One never would know this from the hype that has been swirling around the medication since Limbaugh's confession. It is important to get the facts straight, or pain sufferers who might benefit from OxyContin could be scared away.

Don't Blame Drug

The problem isn't with OxyContin itself, but with deliberate criminal misuse. OxyContin is a controlled drug in the same category as morphine. Available since 1995, the medication is now the most widely prescribed narcotic, in large part because it is taken only twice a day. Other narcotic painkillers have to be taken every three to six hours, which increases their addictive potential. The 12-hour controlled delivery keeps blood levels steady, an important feature when pain is constant and severe.

But half-truths abound:

  • OxyContin is very addictive.

When abused, it most certainly is. Addicts typically crush the tablet, inactivating the slow-release feature, then snort the powder or inject it with water for a euphoric, heroin-like rush. But pain patients who take OxyContin as prescribed don't require increasingly higher doses and don't feel a high.

  • Long-term use for pain equals addiction.

There is a difference. Physical dependence happens to almost everyone who takes a narcotic medication regularly for about two weeks. Your body becomes used to the drug; if it is stopped abruptly, you experience withdrawal symptoms. Doctors taper pain medication to avoid this.

Addiction, by contrast, is the compulsive use of increasing doses of a substance to regulate mood.

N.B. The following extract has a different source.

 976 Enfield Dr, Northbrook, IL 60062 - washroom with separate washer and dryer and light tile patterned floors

Most people who abuse OxyContin have had problems with excessive use of alcohol, heroin or other habit-forming pills. Those abusers who have not generally are struggling with emotional demons.

Narcotics are an excellent short-term salve for depression, numbing boredom, self-loathing or fear. This is why doctors should ask patients about prior problems with drugs or alcohol before prescribing potentially addictive pain medications and carefully supervise those with histories of addiction.

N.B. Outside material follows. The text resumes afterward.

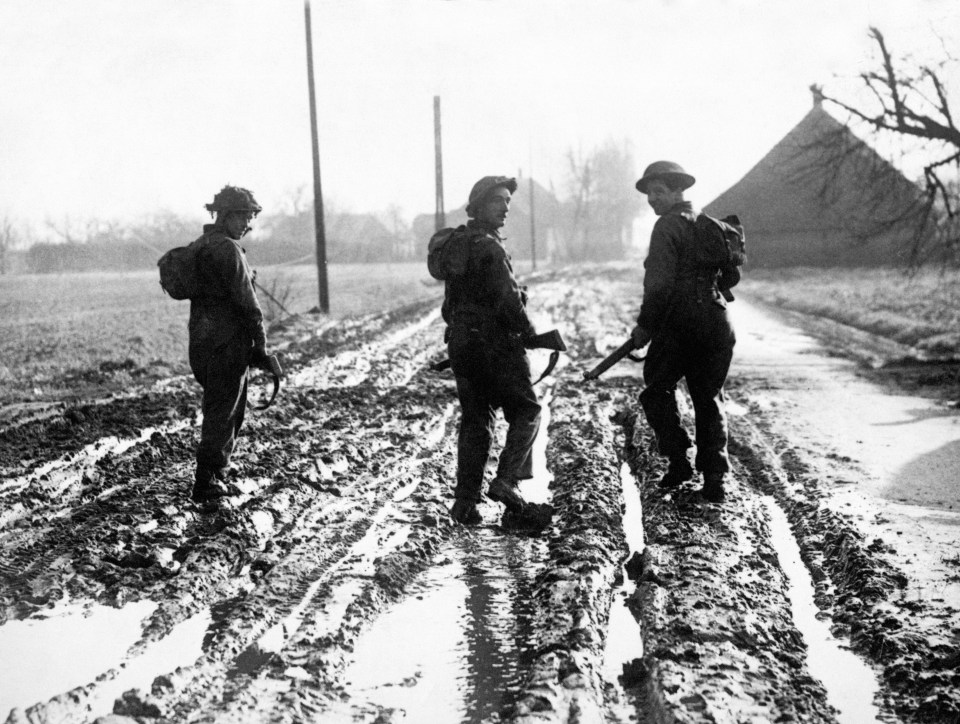 British troops walking to the front line through deep mud in Holland during the Second World War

  • OxyContin is responsible for hundreds of overdose deaths.

Last month, the New York Times reported that a federal drug advisory panel member said "OxyContin is responsible for 500 to 1,000 deaths a year." Not so. A March article in The Journal of Analytical Toxicology examined records of the 919 deaths related to oxycodone (the painkiller in OxyContin) in 23 states over about three years. In only 12 cases was OxyContin alone found. The remaining victims had taken either an overdose of other oxycodone-containing drugs (such as Percocet) or a combination of drugs. Almost all had at least three other drugs in their systems, mostly alcohol, Valium-type tranquilizers, cocaine or other narcotics. These deaths overwhelmingly occurred in drug-abusing individuals; rarely was OxyContin an exclusive cause of death.

Fears Surface

OxyContin, like other powerful medications, can be a godsend when used correctly. Now, however, the American Pain Foundation has received calls from patients who are doing well on the medication but are afraid to continue. The foundation also has heard that some doctors are nervous about prescribing it, lest patients risk addiction or sue them.

One of the worst things a doctor can hear a patient say is: "I'd rather be in pain than have people think I'm an addict." We can't let half-truths about OxyContin set back progress against horrible pain.

Sally Satel is the staff psychiatrist at the Oasis Clinic in Washington and a resident fellow at the American Enterprise Institute.